During fiscal 2009, we took steps to realign our cost and management structure. Since 2009, we have incurred charges totaling $19.0 million related to restructuring actions taken in fiscal 2009 and previously disclosed, which includes $0.5 million, $0.4 million and $0.8 million in fiscal years 2012, 2011 and 2010, respectively, which related to Corporate/Other. As of March 31, 2012, we had approximately $0.5 million recorded for fiscal 2009 restructuring activity. We expect to incur minimal additional restructuring charges between fiscal 2013 and fiscal 2014 for ongoing facility obligations.

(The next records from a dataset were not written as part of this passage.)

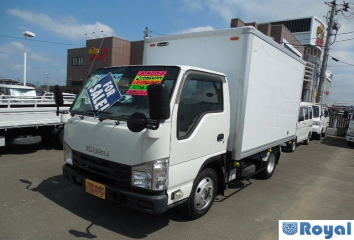 Isuzu ELF VAN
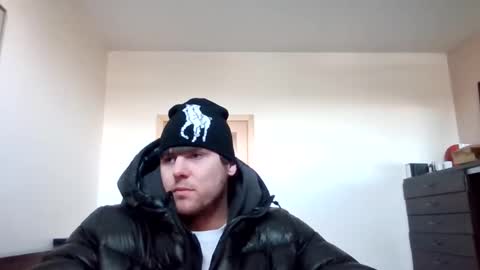 Snapshot of chiller832590 chatting on 01/19/26, 08:29 chiller832590 online show from 01/19/26, 08:29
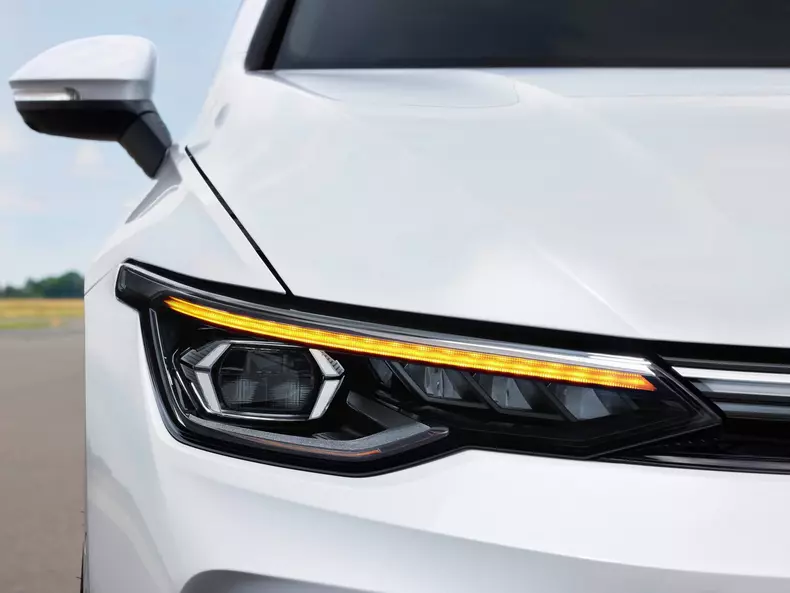 Volkswagen-Golf-2024-1600-0a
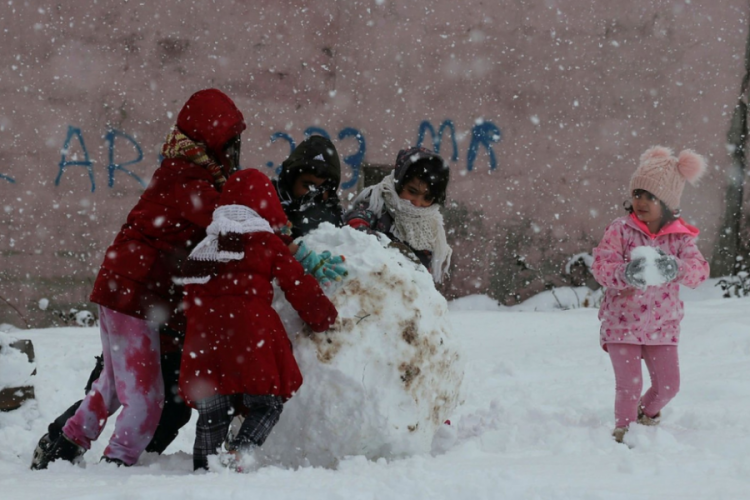 Bitlis'te yoğun kar yağışı nedeniyle okullar tatil edildi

Following is a reconciliation of the beginning and ending balances of the restructuring liability which excludes the $4.4 million of related charges associated with the accelerated depreciation:

 

                                         
           
     Severance
and Other
Employment
Costs
    Facilities     Other     SERP     Total  

Balance at March 31, 2009

  $ 8,846     $ 1,042     $ 39     $     $ 9,927  

Additions

    (92     94             821       823  

Settlement of benefit plan obligations

                      (821     (821

Payments

    (7,465     (456     (39           (7,960

Adjustments

          (31                   (31

Balance at March 31, 2010

  $ 1,289     $ 649             $     $ 1,938  

Additions

    (35     57               383       405  

Settlement of benefit plan obligations

                        (383     (383

Payments

    (965     (262                   (1,227

Balance at March 31, 2011

  $ 289     $ 444             $     $ 733  

Additions

    7,996       3,466                       11,462  

Payments

    (2,778     (3,118                     (5,896

Balance at March 31, 2012

  $ 5,507     $ 792             $     $ 6,299  

Approximately $4.9 million of the severance and other employment costs will be paid in fiscal 2013 and the remaining $0.6 million will be paid in fiscal 2014. Approximately $0.6 million of facilities obligations will be paid during fiscal 2013 and the remaining $0.2 million will be paid in fiscal 2014.